5. If no sound is heard, touch a standard 12-volt test light to the output terminal of the relay containing the two large brown wires (some later vehicles and California models will likely have one brown wire and one yellow wire) and check for voltage. If there is no voltage present, replace the GPC relay. If the voltage is OK, perform a voltage drop across the battery feed and output terminals of the relay by cycling the key off and on, and replace any GPC that exceeds a 0.5 volt drop across the contacts.
6. If the GPC checks OK, turn off the key and allow the glow plugs to cool.
Testing the actual glow plug operation requires more than a simple resistance test and presence of B+ at the components.
Note: Testing should be done using any device containing a high current inductive amp clamp.
1. Place the high current inductive amp clamp around the two output wires of the GPC.
2. While turning the key on, watch for the initial draw to read 160 amps or greater. Depending on the manufacturer, glow plugs will draw 17 to 26 amps each, with a minimum recommended draw of 20 amps (20 x 8 = 160). The reasoning behind the minimum specification will be addressed at the end of the article.
3. If the initial surge does not reach 160 amps, move the clamp to each glow plug supply wire at the valve cover connectors, cycle the key on and check for a minimum 20 amps each, replacing any glow plug that does not reach this spec.
4. Allow time to cool between testing each cylinder. On the 1994-’97 trucks, the supply wires will be the brown wires in terminals 1 and 5 of each of the four five-cavity connectors. On the 1999 and newer SuperDuty, the
supply wires will be in terminals 1, 2, 10 and 11 of the two 11-cavity connectors.
Note: The wires on the driver’s side of the engine may be yellow.

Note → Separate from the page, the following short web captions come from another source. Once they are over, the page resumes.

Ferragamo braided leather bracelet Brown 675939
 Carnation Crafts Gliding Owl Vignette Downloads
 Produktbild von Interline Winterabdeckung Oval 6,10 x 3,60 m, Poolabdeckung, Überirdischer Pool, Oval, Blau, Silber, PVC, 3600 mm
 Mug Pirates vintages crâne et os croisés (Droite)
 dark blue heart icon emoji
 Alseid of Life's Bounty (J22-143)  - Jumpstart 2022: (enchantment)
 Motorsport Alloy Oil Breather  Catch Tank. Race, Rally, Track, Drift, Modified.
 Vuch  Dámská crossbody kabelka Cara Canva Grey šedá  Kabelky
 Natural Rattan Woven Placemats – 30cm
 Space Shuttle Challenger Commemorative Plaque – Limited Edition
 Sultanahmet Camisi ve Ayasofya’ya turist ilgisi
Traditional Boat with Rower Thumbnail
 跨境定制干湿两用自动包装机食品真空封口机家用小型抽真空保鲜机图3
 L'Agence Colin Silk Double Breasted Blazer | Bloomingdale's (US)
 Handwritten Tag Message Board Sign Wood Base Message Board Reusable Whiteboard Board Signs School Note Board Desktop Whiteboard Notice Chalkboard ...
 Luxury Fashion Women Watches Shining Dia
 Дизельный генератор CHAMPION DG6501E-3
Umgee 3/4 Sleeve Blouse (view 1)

California vehicles operate identically to the 49-state systems, but instead of a four-pole relay controlled by the PCM, the glow plug system contains an actual module. This module is in the same location, but has more wires. The output terminal of the 49-state relay has one large wire for each bank that branches off to individual cylinders.
The GPCM has one output wire for each cylinder. As with its 49-state cousin, it still contains the B+ wire, the vehicle power wire and the pink/orange to energize it. It also contains a communication line to the PCM. This module “monitors” individual glow plug draw and reports any errors to the PCM. It can flag a code P0670 if there is a control line fault, a P0683 if the diagnostic circuit is faulty and any combination of P0671 through P0678 for a glow plug fault in cylinders 1-8.
The reason behind the minimum spec mentioned above is that since this module monitors actual current to each cylinder, the MIL will illuminate and a code will be generated for any glow plug that draws less than 20 amps, even though no starting issues are present.